Source data:
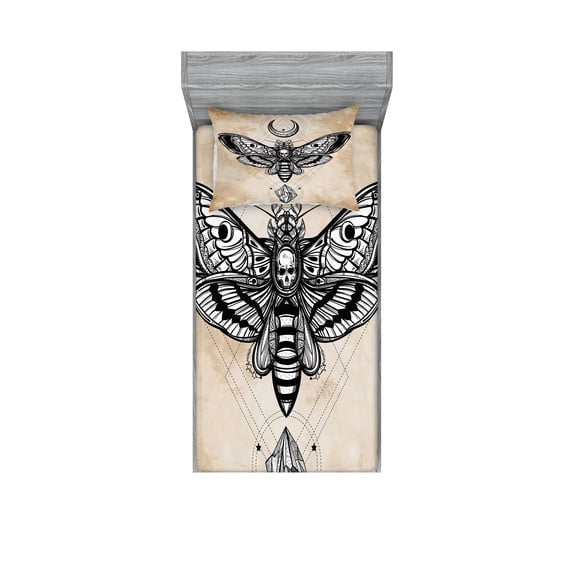 Ambesonne Fantasy Fitted Sheet & Pillow Sham Set, Hawk Moth Skull Magic, Twin, White Black and Cream
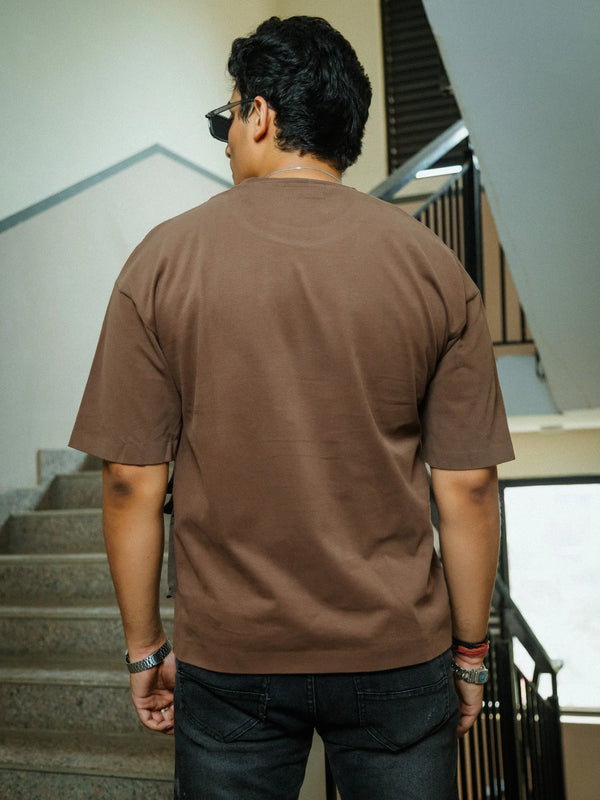 Men’s Brown Oversized Cotton T-Shirt with Dual Utility Pockets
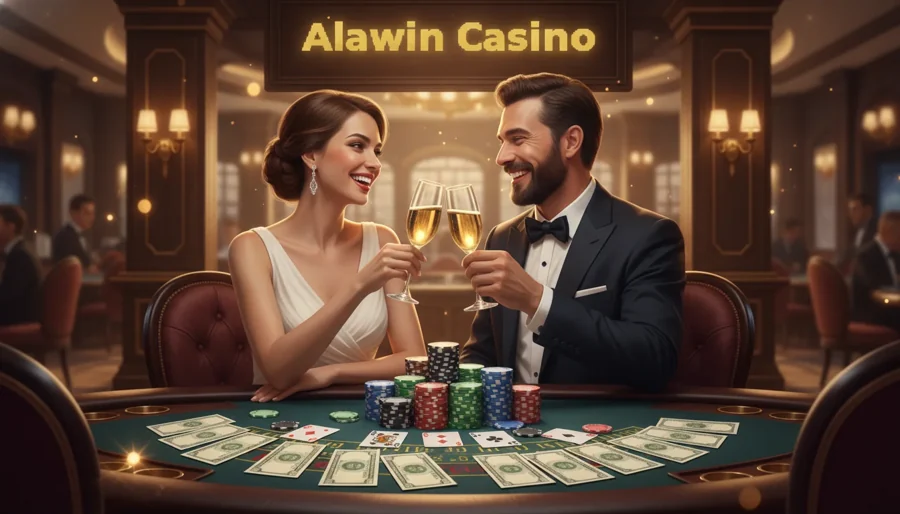 Featured slots and live tables in the Alawin Casino lobby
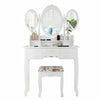 Folding Vanity Dressing Table 7 Drawers Makeup Table and Cushioned Stool Set
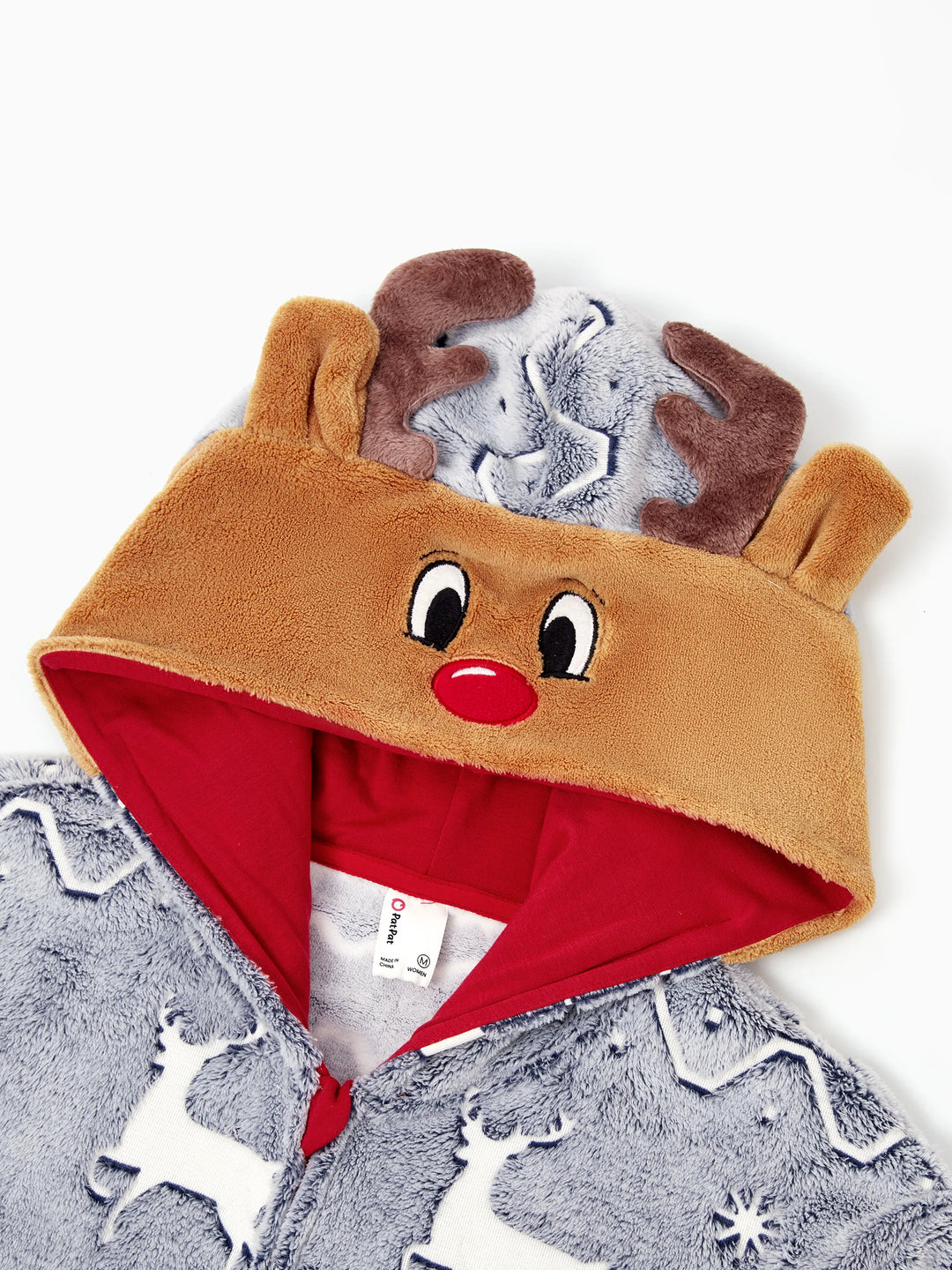 Conjunto de Pijamas em Família Combinados para o Natal com Estampado de Renas - Pijamas que Brilham no Escuro com Meias de Natal Brancas/Cinzentas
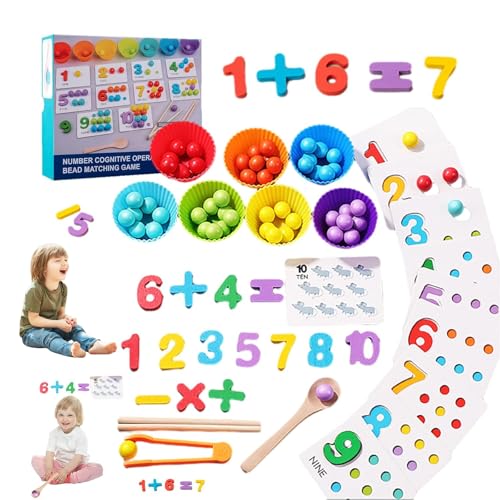 Vgpbphj Arithmetic Math Toy Set-Silicone Digital Learning with Beads, Chopsticks & Spoons, Number Crunching Clip Bead Matching Game, Educational Early Childhood Education Bead (1pc) von Vgpbphj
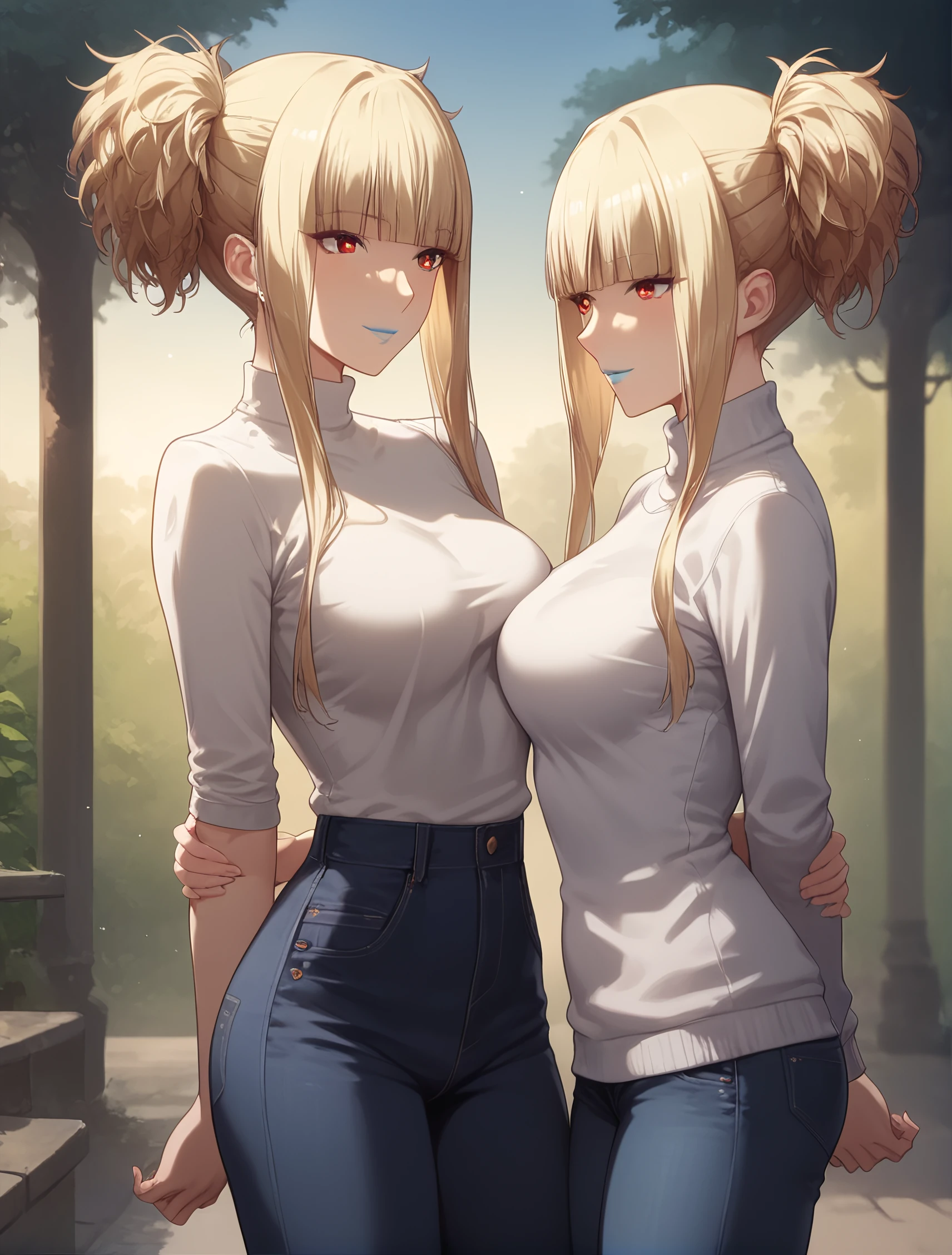 score_9, score_8_up, score_7_up, Expressiveh, ultra detailed, <lora:Kongou:0.8>,kongou_aoki,  blond hair,red eyes,blue lips,small hips,  beautiful lighting, Woman, tight jeans,  (white sweater:1.2), turtleneck, standing up, in park, beautiful scenery, slight blush, smiling, (cute smile:1,1), (glossy lips:1.1), wonderful backround, closed mouth, (arms_behind_back:1.1),trees, bokeh,  <lora:Expressive_H:0.8>, <lora:Concept Art Twilight Style SDXL_LoRA_Pony Diffusion V6 XL:0.8>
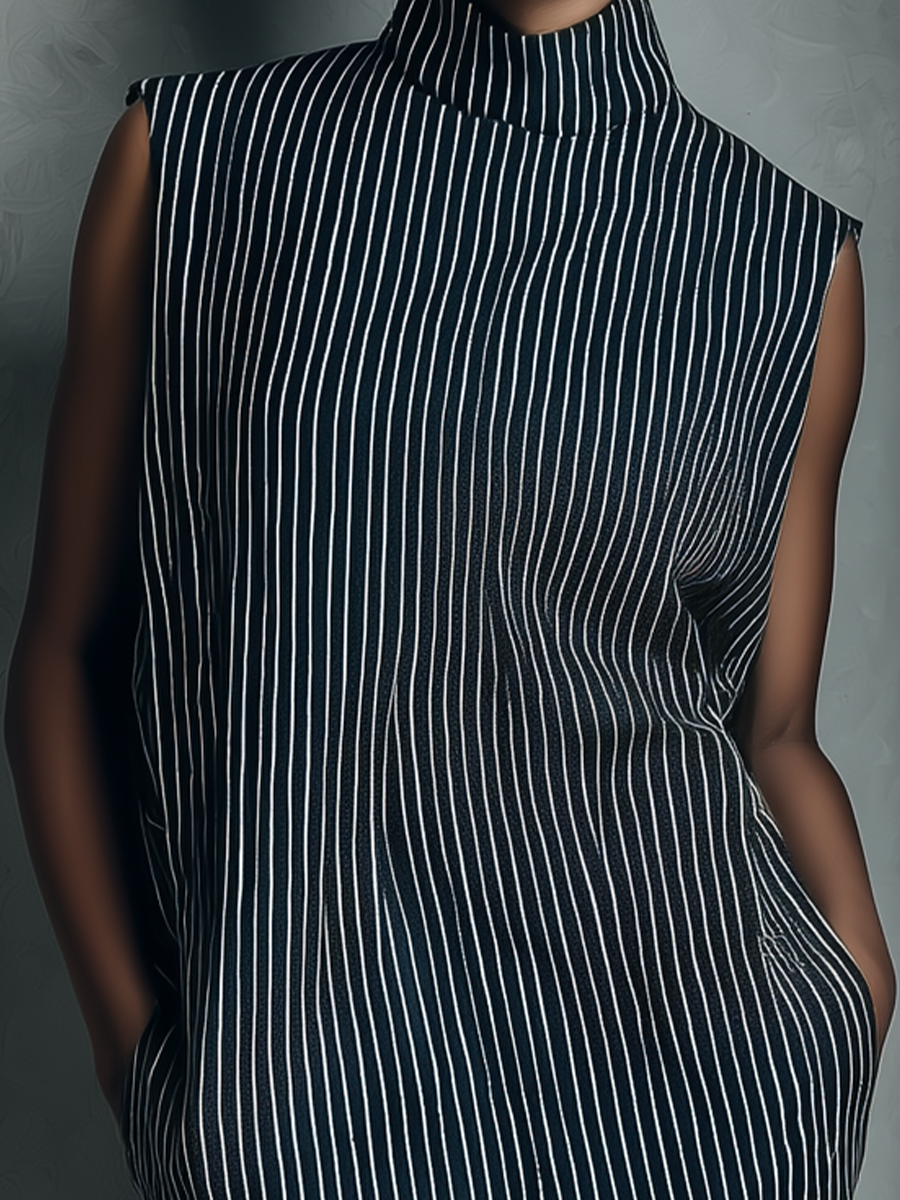 Vestido mini feminino azul-marinho listrado, sem mangas e com bolsos laterais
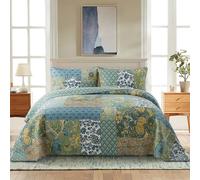 Copriletto patchwork in cotone NEWLAKE, set di 3 trapunte da letto con ricamo a punto reale, reversibile, trapunta matelass , verde, stile fattor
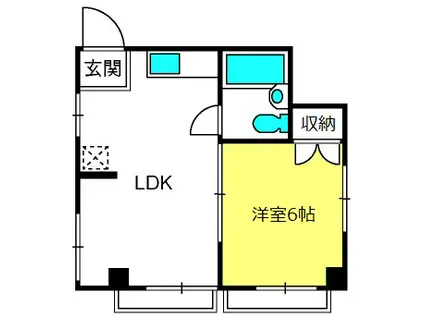 オリーブマンション(1LDK/1階)の間取り写真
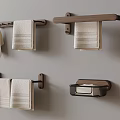 Light Colored Soft Towels On Wall Mounted Wooden Racks With Tissue Holder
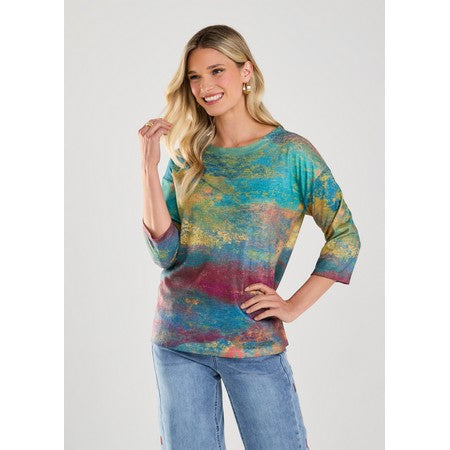 3/4 Sleeve Drop Shoulder Boat Neck Top 3290451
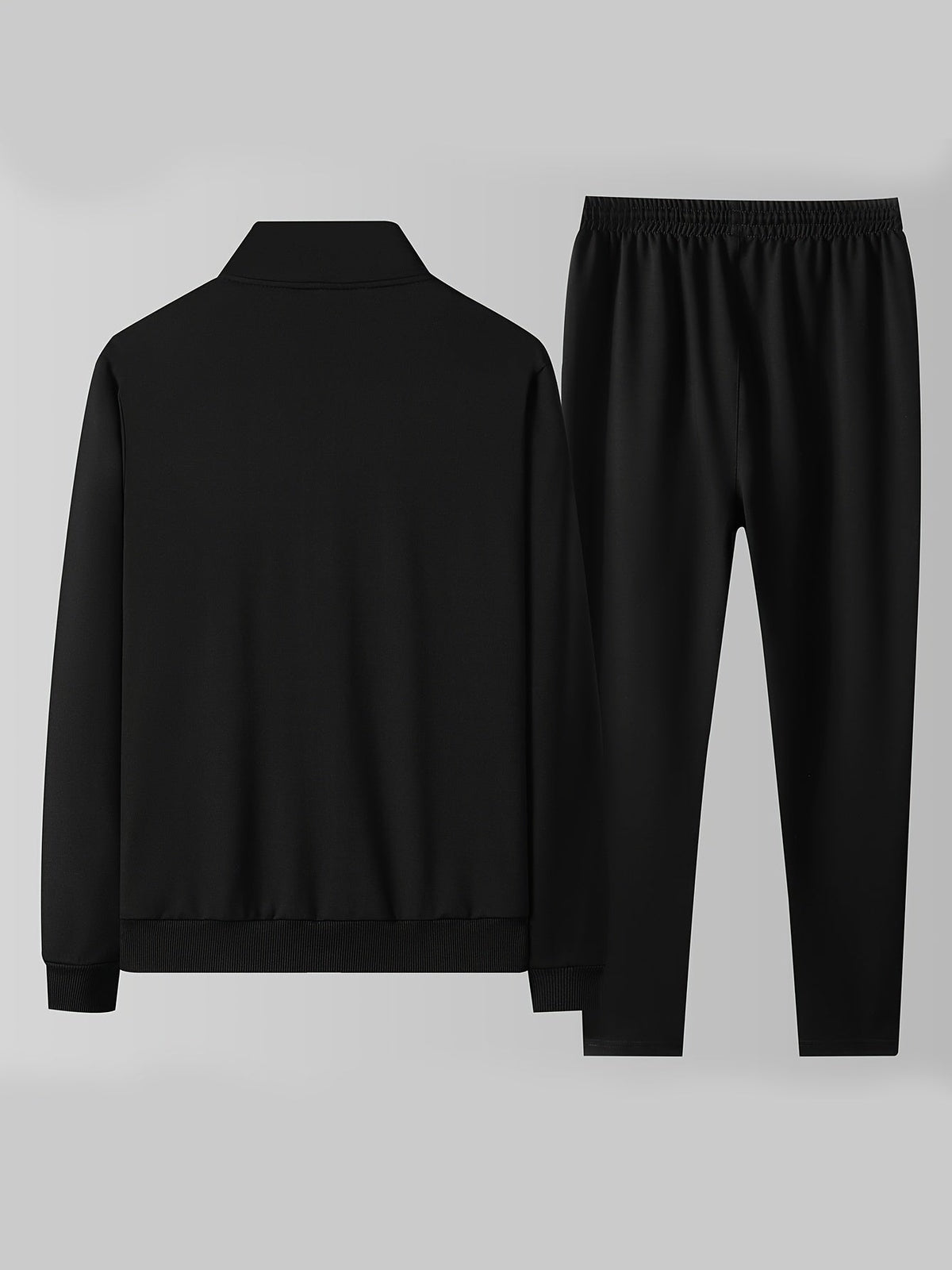 Men's Zip-Up Tracksuit Set with Stand Collar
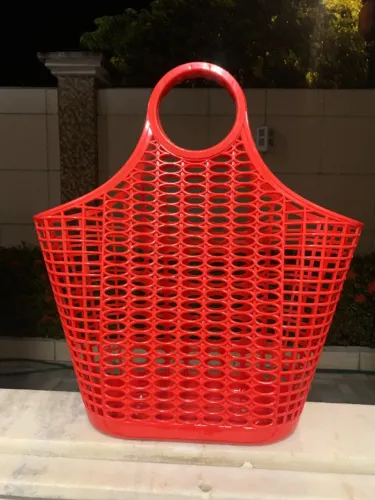Sacola Bolsa Plástica Ecológica Colorida (Vermelho, Azul e Verde piscina)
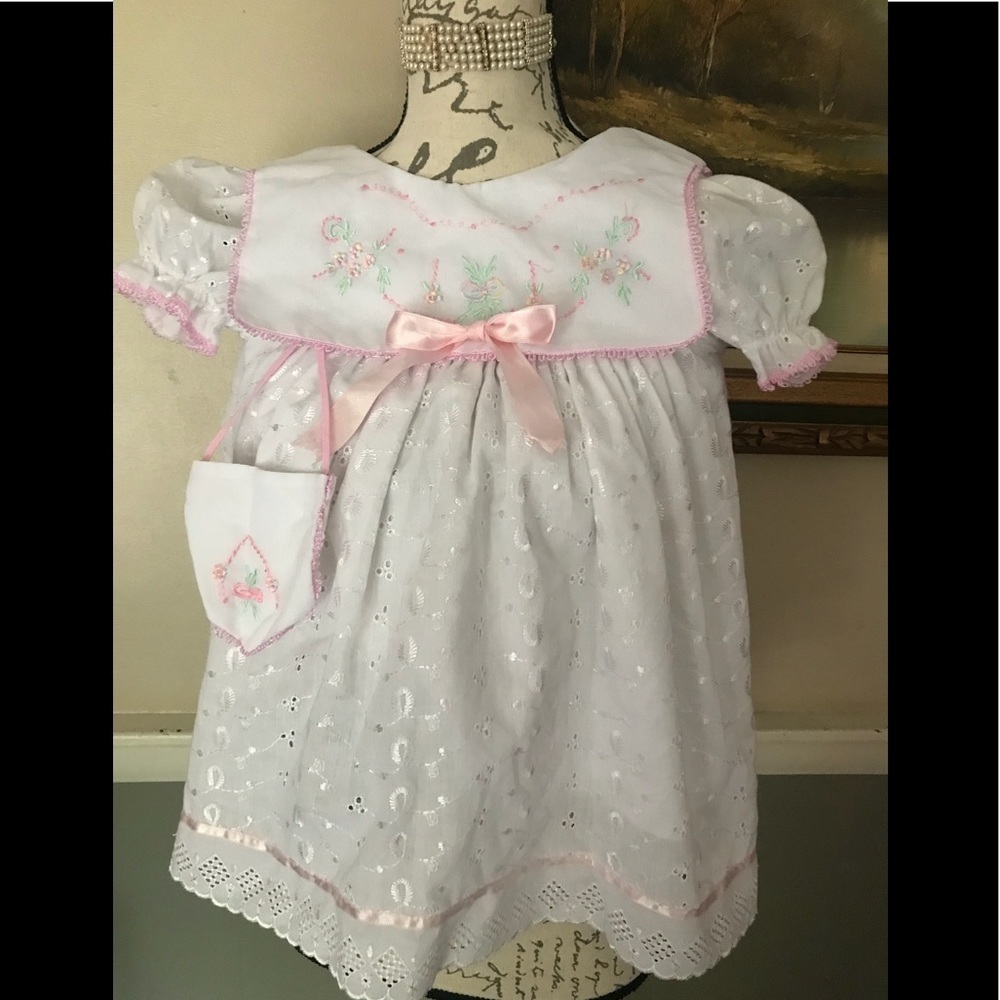 Rare Vintage 1970’s Handmade Eyelet Lace Dress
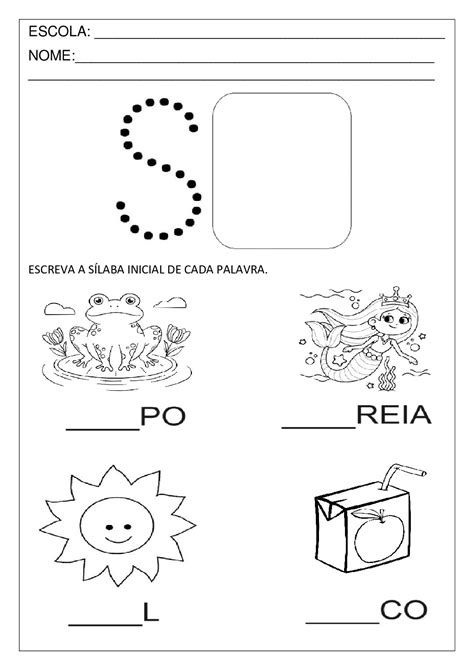 Trabalhando A Letra S - Atividades com a letra S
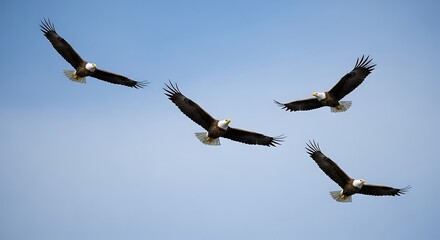 Obraz premium Eagles Soaring Together.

Task to carry out:
When the line that holds "Light Colored Soft" is reached, begin duplicating exactly, and continue through the last line of the listing, skipping the pictures; output nothing else.

Reply to the task:
 Light Colored Soft Towels On Wall Mounted Wooden Racks With Tissue Holder
 3/4 Sleeve Drop Shoulder Boat Neck Top 3290451
 Men's Zip-Up Tracksuit Set with Stand Collar
Sacola Bolsa Plástica Ecológica Colorida (Vermelho, Azul e Verde piscina)
 Rare Vintage 1970’s Handmade Eyelet Lace Dress
 Trabalhando A Letra S - Atividades com a letra S
 Obraz premium Eagles Soaring Together.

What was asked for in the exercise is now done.